[Captioned web image data]
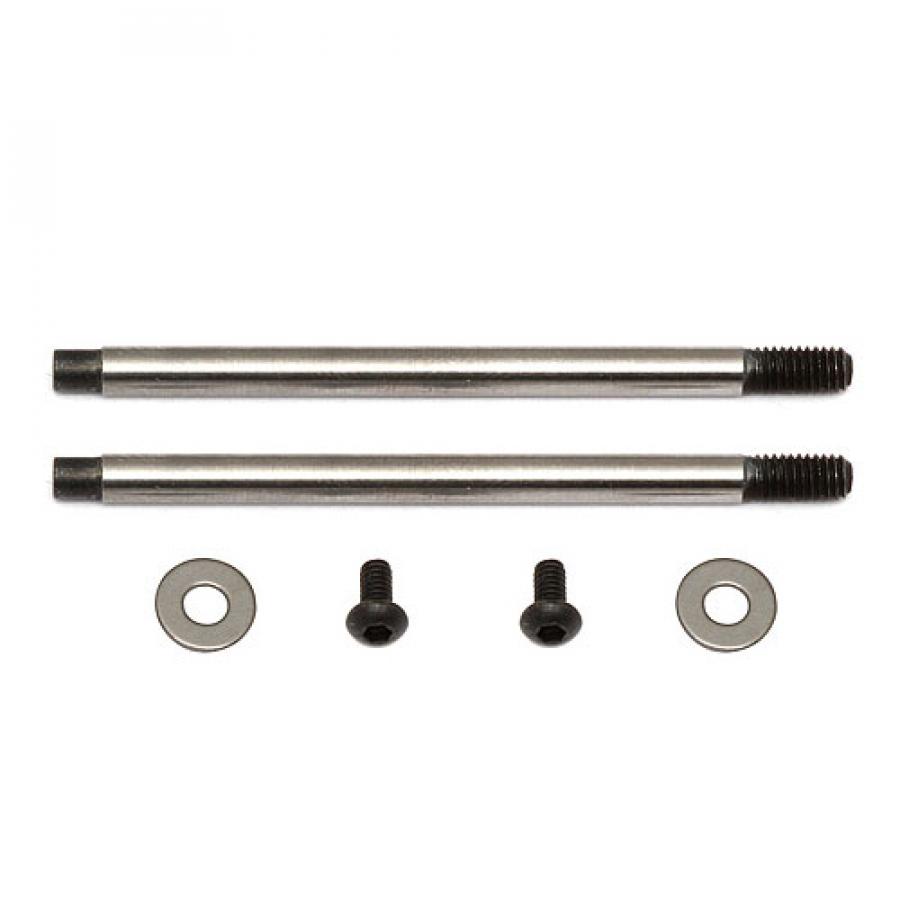Associated 3X27.5 Shock Shaft V2 Chrome For As91577/91578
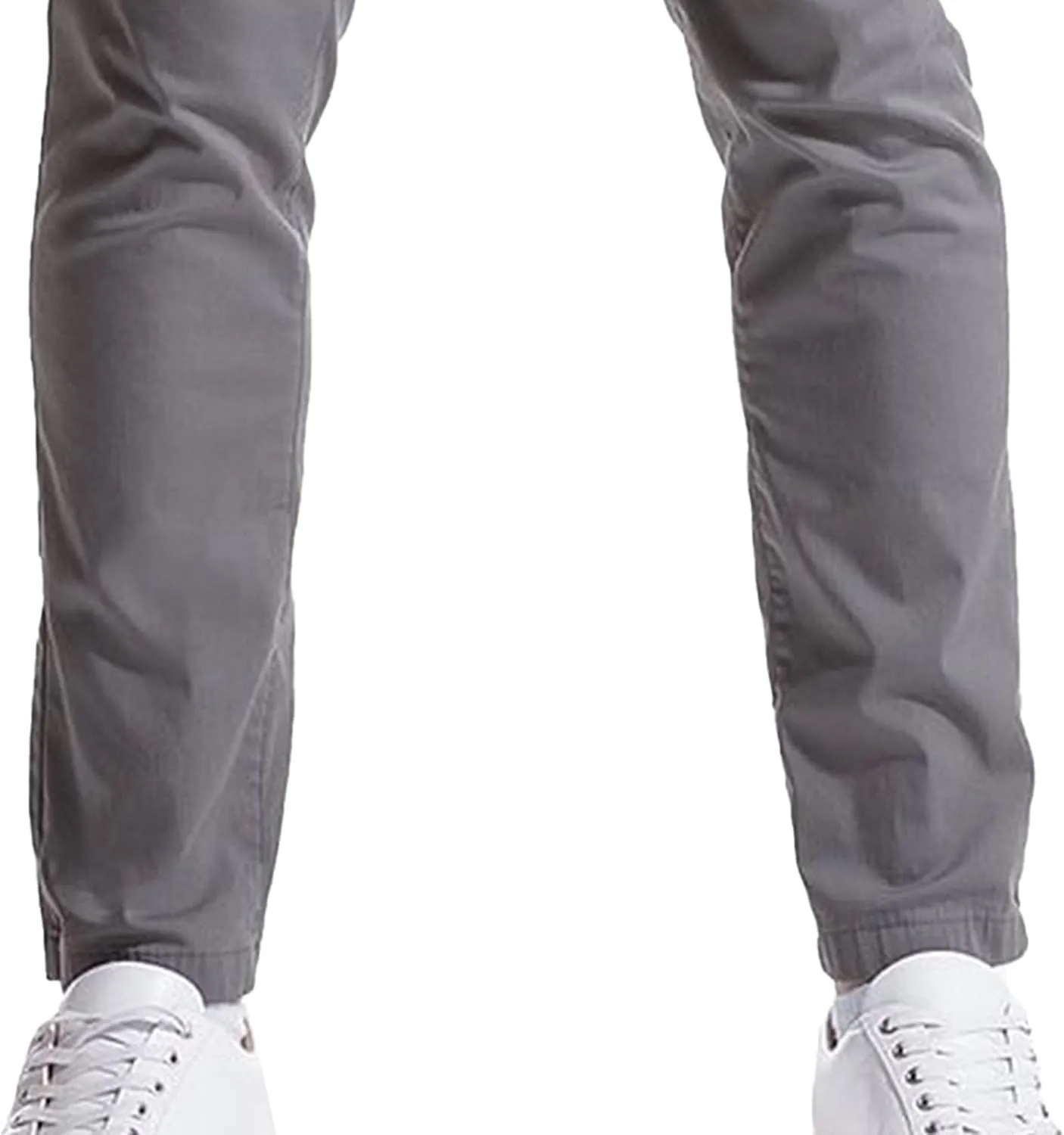 Men's Slim Fit Chino Pants Fashion Comfort Stretch Cotton Casual Pants Stylish Tapered Trousers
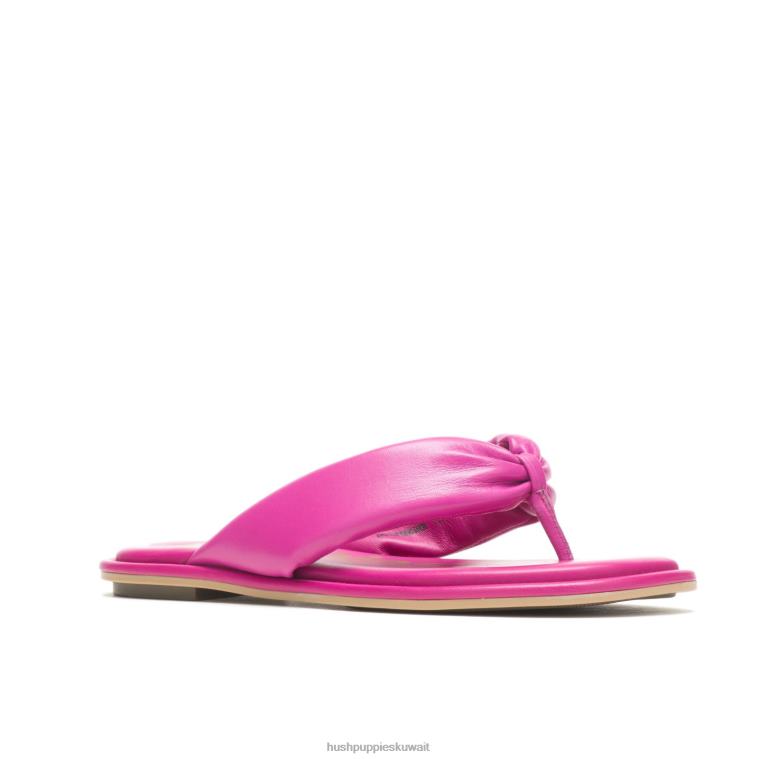 كو Hush Puppies نحيف إميلي تو بوست صندل جلد التوت جدا صندل HZ8X416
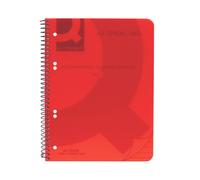 Q-Connect PP Spiral Pad A5 Red PK5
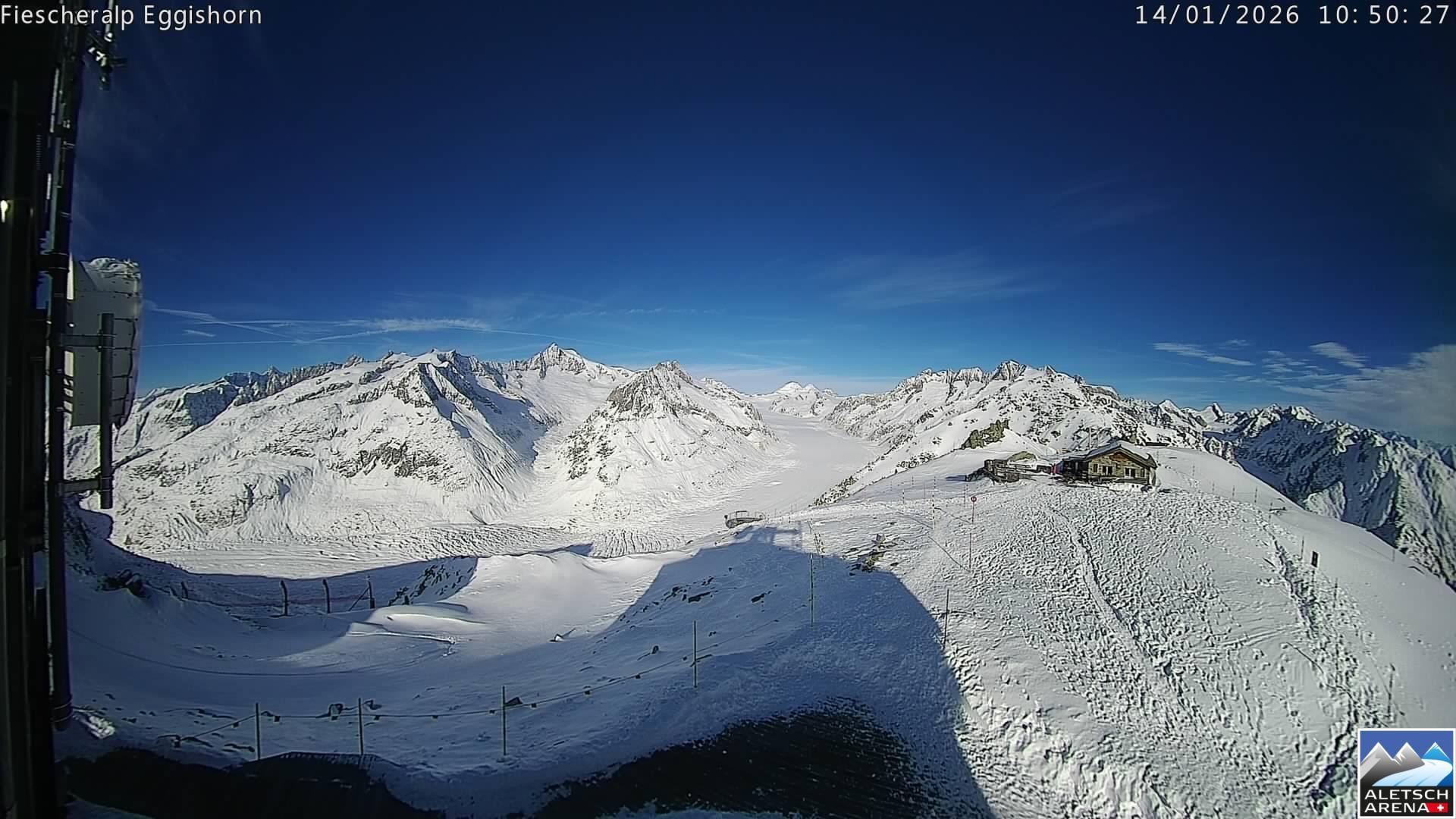 Archiv Foto Webcam Aletsch Arena: Grosser Aletschgletscher (Eggishorn)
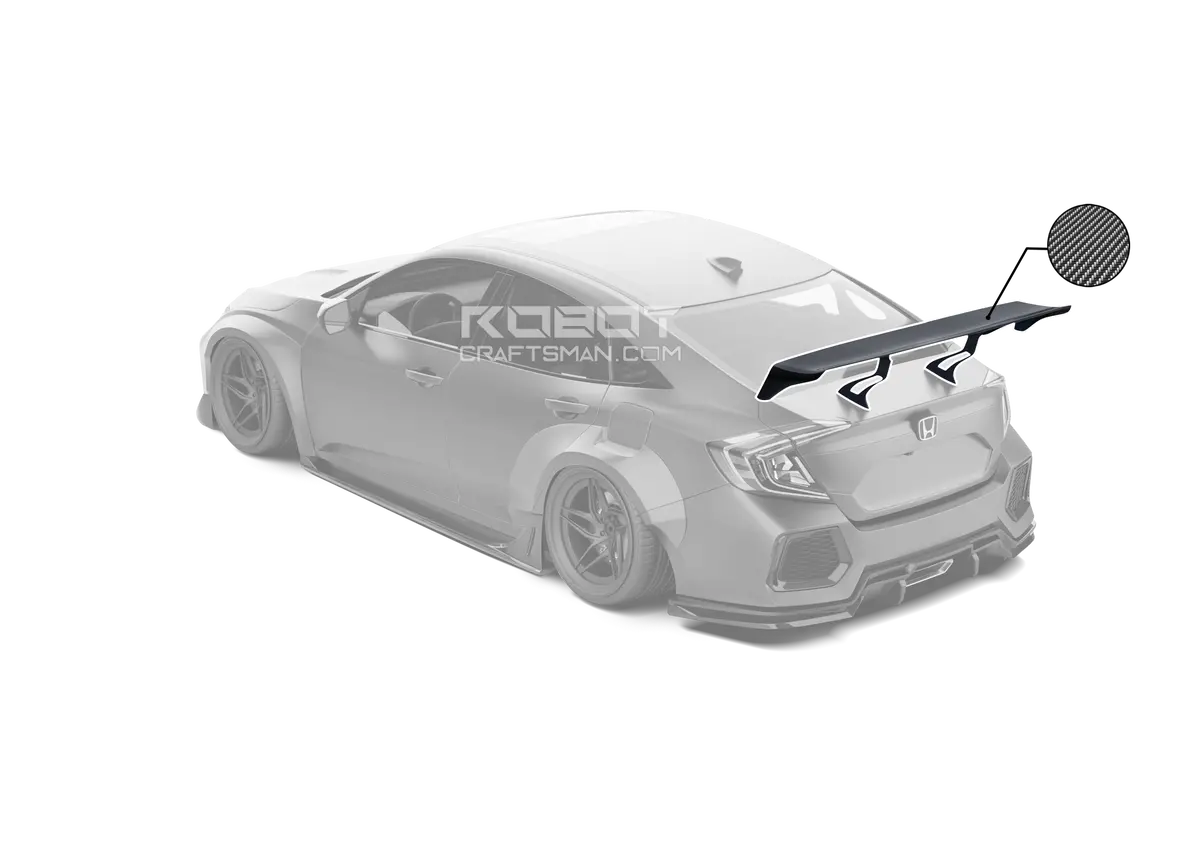 Robot Carbon Fiber Rear Spoiler Wing For Honda Civic 10Th Gen Sedan 2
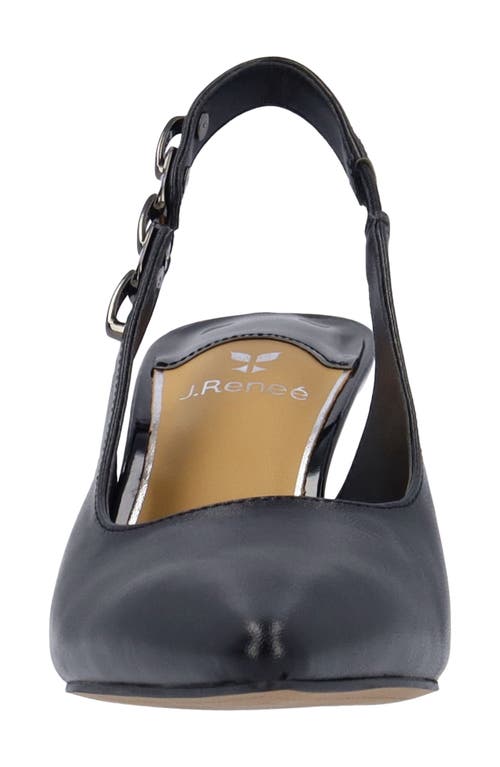 J. Reneé Krissa Slingback Pointed Toe Pump In Black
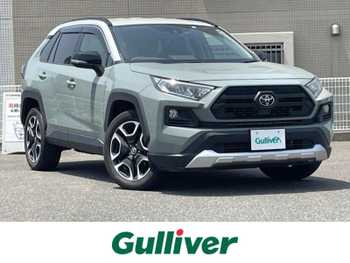 トヨタ ＲＡＶ４ アドベンチャー 黒レザー 19インチAW 9型ナビ バックカメラ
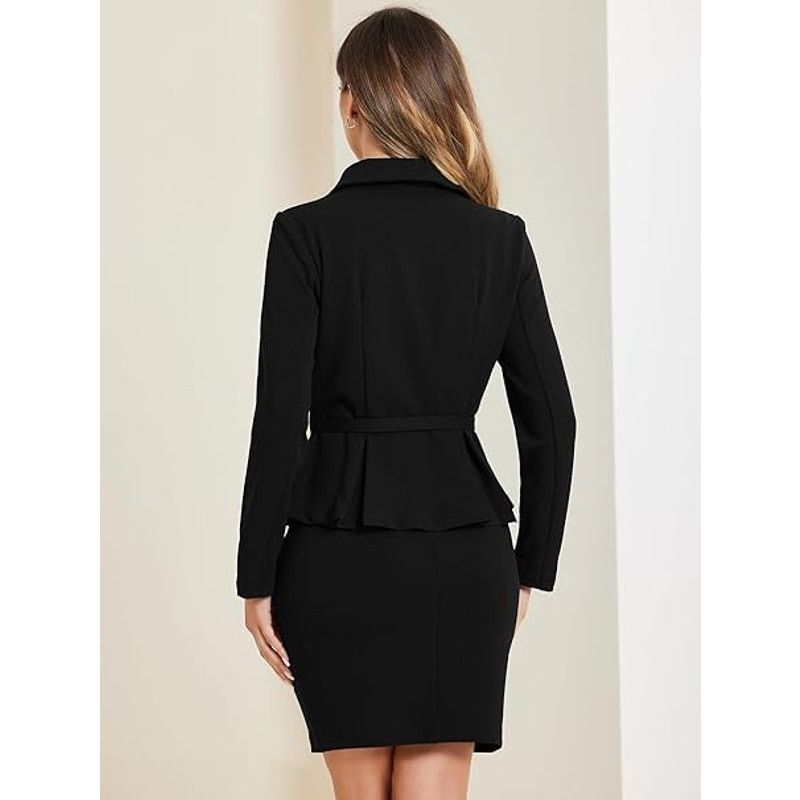 & Other Stories Two Pieces Suits for Women's Business Peplum Blazer Jacket Size M / US 6-8 / IT 42-44 - 3 Thumbnail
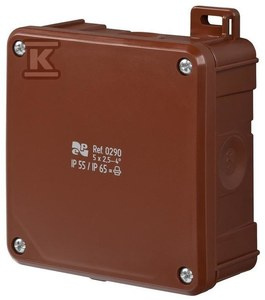 PUSZ.N/T IP55/65 98X98X46 2K BRĄZOWA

● **Assignment**:
Restate every record exactly, please; do not copy the pictures.

● **Output for this exercise**:
Associated 3X27.5 Shock Shaft V2 Chrome For As91577/91578
 Men's Slim Fit Chino Pants Fashion Comfort Stretch Cotton Casual Pants Stylish Tapered Trousers
 كو Hush Puppies نحيف إميلي تو بوست صندل جلد التوت جدا صندل HZ8X416
 Q-Connect PP Spiral Pad A5 Red PK5
 Archiv Foto Webcam Aletsch Arena: Grosser Aletschgletscher (Eggishorn)
 Robot Carbon Fiber Rear Spoiler Wing For Honda Civic 10Th Gen Sedan 2
 J. Reneé Krissa Slingback Pointed Toe Pump In Black
 トヨタ ＲＡＶ４ アドベンチャー 黒レザー 19インチAW 9型ナビ バックカメラ
 & Other Stories Two Pieces Suits for Women's Business Peplum Blazer Jacket Size M / US 6-8 / IT 42-44 - 3 Thumbnail
 PUSZ.N/T IP55/65 98X98X46 2K BRĄZOWA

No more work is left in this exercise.